Bill C-290 called 'reckless'
Professional sports leagues, such as Major League Baseball and the NHL also oppose the bill.
During debate on Feb. 12, Senator Linda Frum called the bill "reckless."
"To enact a bill that will have, in the estimation of the[professional sports] leagues, a seriously deleterious effect on them, without having consulted them first, would be akin to renegotiating NAFTA without first consulting the auto industry," Frum said. "It was only when the Senate legal committee began studying Bill C-290 in a rigorous fashion, which included not only reaching out to the important stakeholders mentioned above but also to experts in the fields of addiction and mental health, that the recklessness that is Bill C-290 became fully exposed."
Windsor-West NDP MP Brian Masse, who co-sponsored the bill, said jobs and money are at stake.
"We need a new product in Windsor to compete against the high dollar. This would be a new product that would be very well received in Windsor, Niagara Falls and other border cities," he said. "The reality is Michigan doesn’t have that legislation right now."
It's only legal to do so in four U.S. states. Michigan and Ohio, two of Ontario's biggest gaming competitors, aren't among them.
In Las Vegas, the Super Bowl and the NCAA Men's Basketball Tournament, otherwise known as March Madness, are two of the city's biggest draws.
According to the Las Vegas Convention and Visitors Authority the average weekend occupancy rate in Las Vegas in 2011 was 83 per cent. During the month of March that same year it was 95.3 per cent.
Michael Lawton of the Nevada Gaming Commission called the economic outcome of March Madness, "immeasurable."
'We are missing out'
In Windsor, overall occupancy rates are up over this time last year but the numbers are nothing like the full house Vegas is expecting this weekend.

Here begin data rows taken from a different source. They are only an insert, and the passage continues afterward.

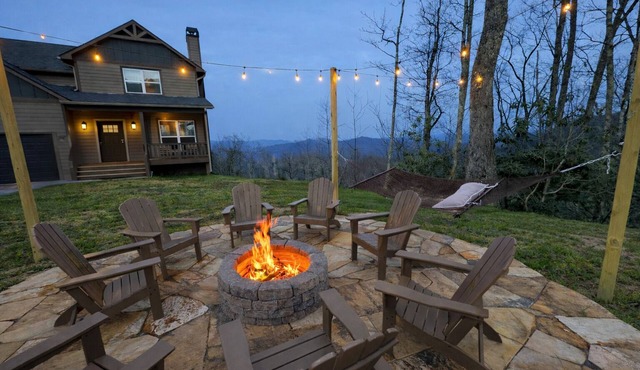 Private 6-Acre Mountain Resort -Theater, Game Room, Hot Tub. Flat Yard Sleeps 18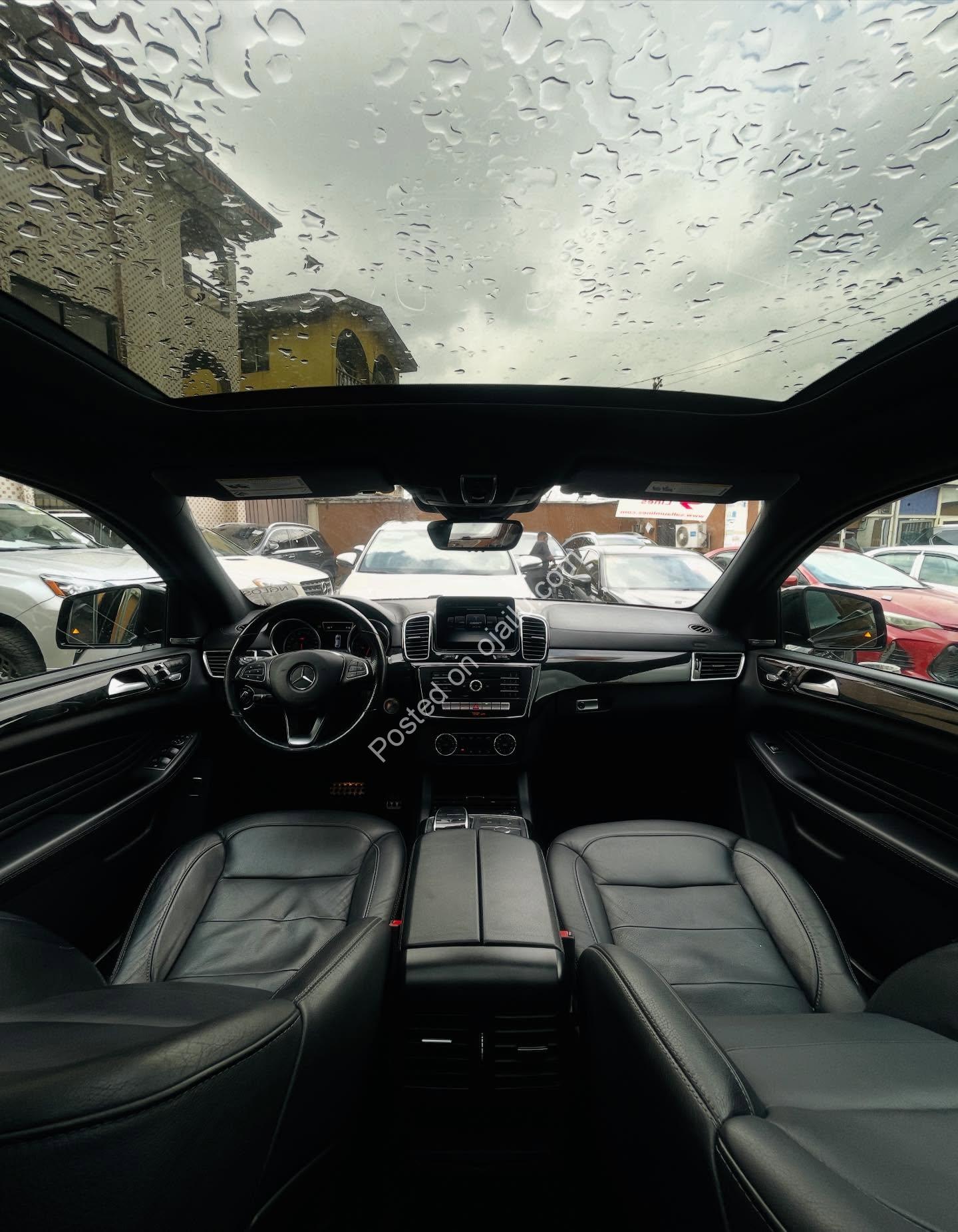 2019 Mercedes GLE43 AMG – Luxury Meets Low Mileage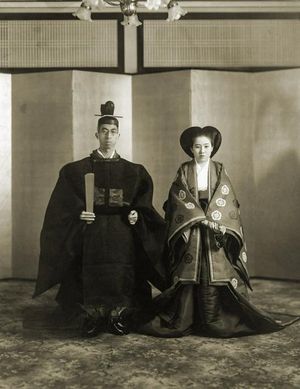 유리코와 다카히토의 결혼 사진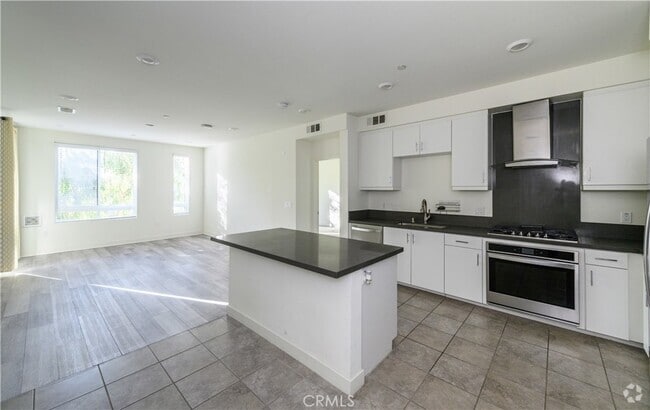 Building Photo - 2342 Nolita- Rental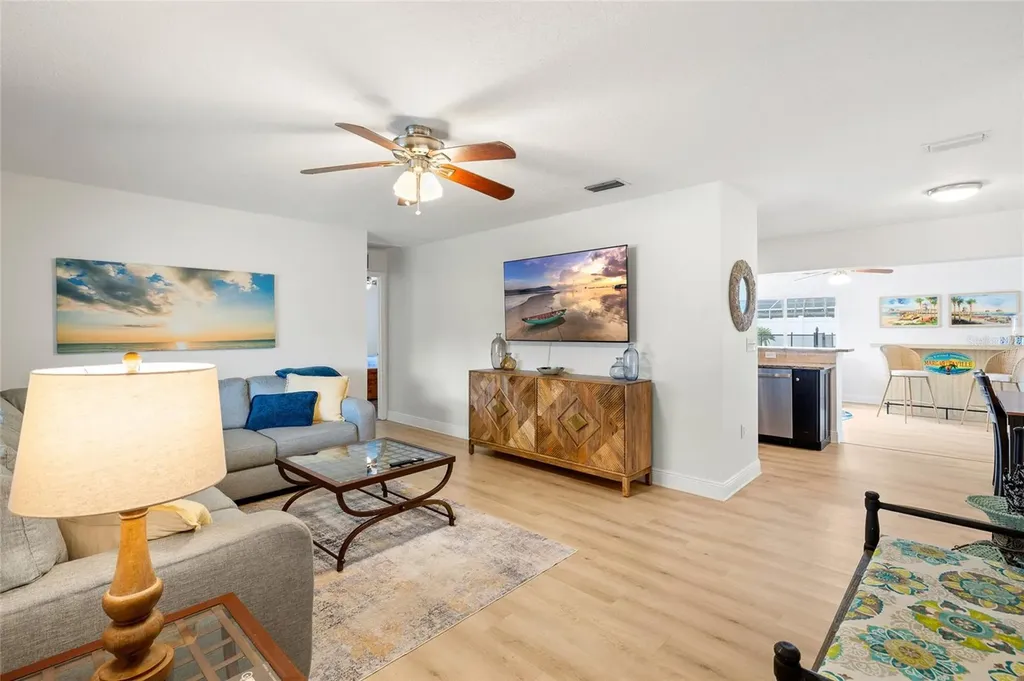 6398 Woodland Boulevard N Pinellas Park FL 33781
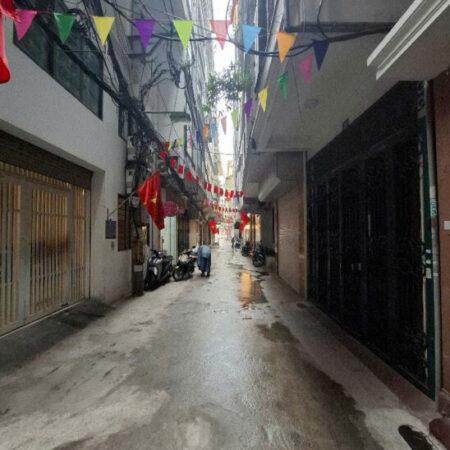 HÀNG HIẾM! NHÀ PHÂN LÔ Ô TÔ, NGÕ THẲNG RA PHỐ NGUYỄN CHÍ THANH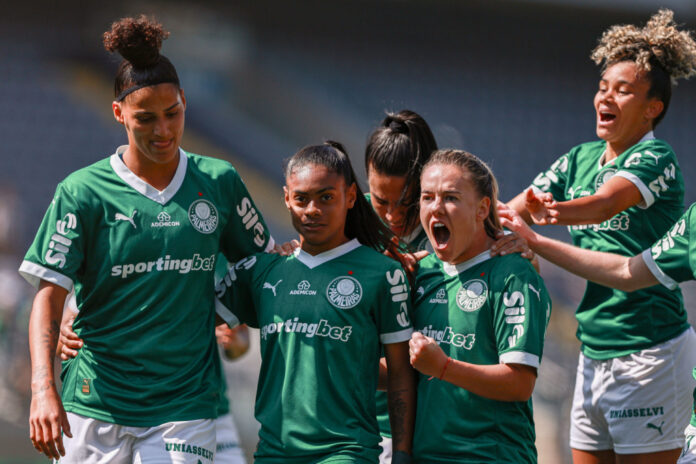 brasileirao-feminino:-palmeiras-faz-3-a-0-no-flamengo-e-avanca-para-a-semifinal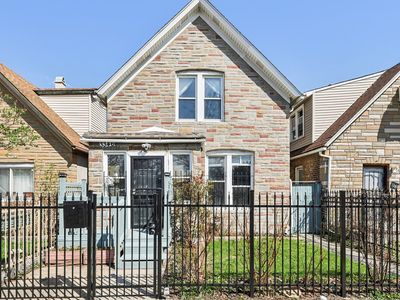 3346 W Iowa St, Chicago, IL, 60651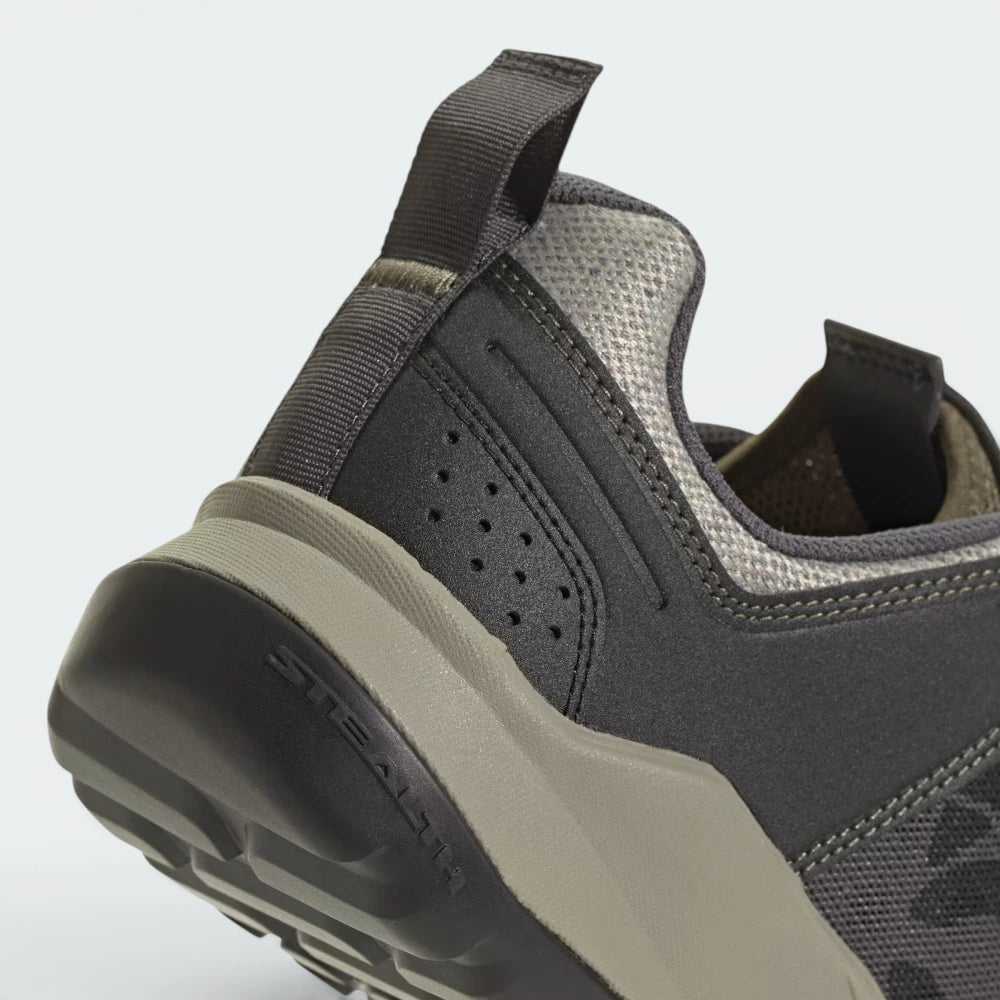 Highlights the "unreal" clean finish where the high-friction trail rubber base bonds securely to the shock-absorbing compression-molded EVA midsole carrier.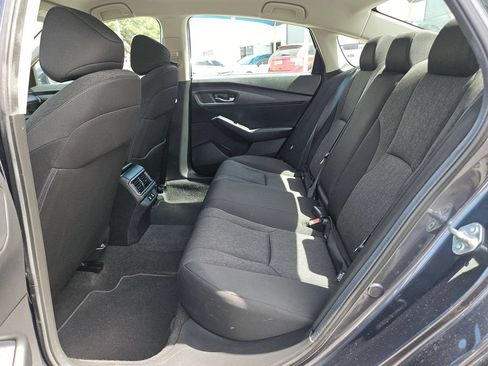Used 2025 Honda Accord LX image 17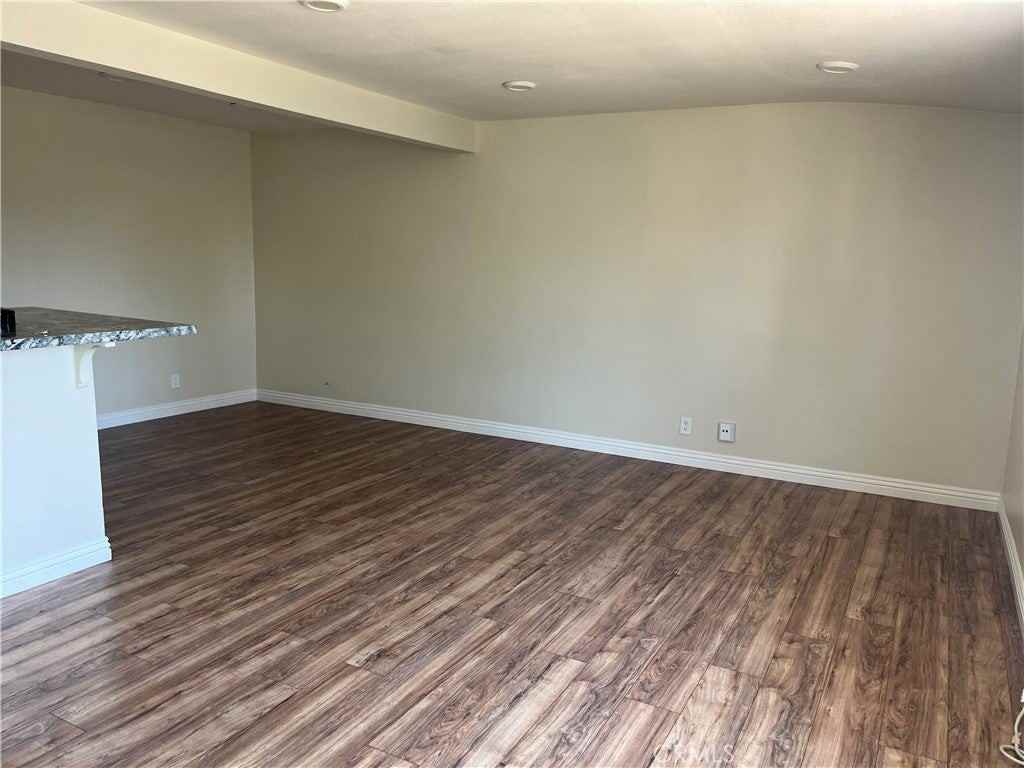 626 N Anna Dr - Photo 3 of 10
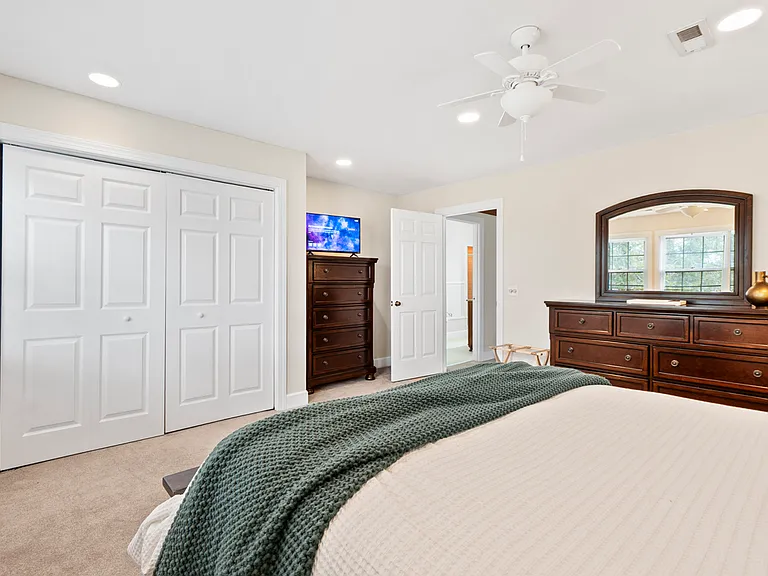 1464 Palisades Rd — Photo 24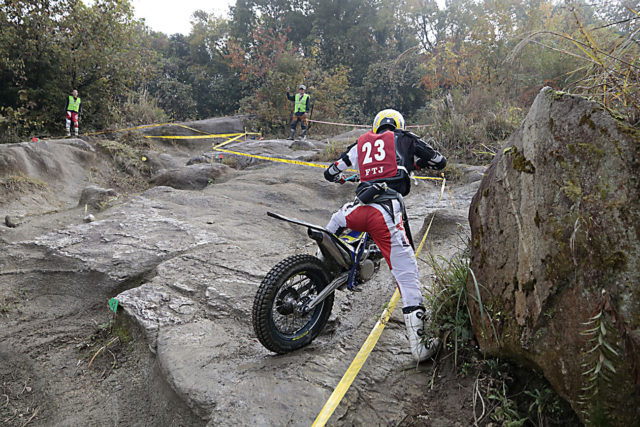 滑るんです。濡れると特に。これが真壁の岩盤です。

"It's difficult to quantify what we are missing out on, but certainly we are missing out on an opportunity," said Gordon Orr, head of Tourism Windsor Essex Pelee Island.
Schwartz said single-event sports betting plays to both the casual and serious gambler.
"If you have something like the tournament, people don’t have a lot of time to go out and enjoy the nightlife. But there are people who are casual gamblers and there is a lot of interchange with nightclubs," he said.
Schwartz said the Super Bowl remains the game with the biggest single total of bets placed on it but that more bets are placed and more people are betting over the entire opening weekend of March Madness, which officially tipped off Tuesday night.
"I don’t understand the difference between three, two or one. We would have an advantage over our American competitors during March Madness and the Super Bowl," Masse said. "The reality is that it’s happening anyways. People in Windsor will get on a plane and go to Vegas for the Super Bowl and Final Four."
Caesars Windsor would support single-event sports betting.
"We would welcome it with open arms," said casino spokesperson Jhoan Baluyot. "So, to say that we want it, we want it a lot, yes."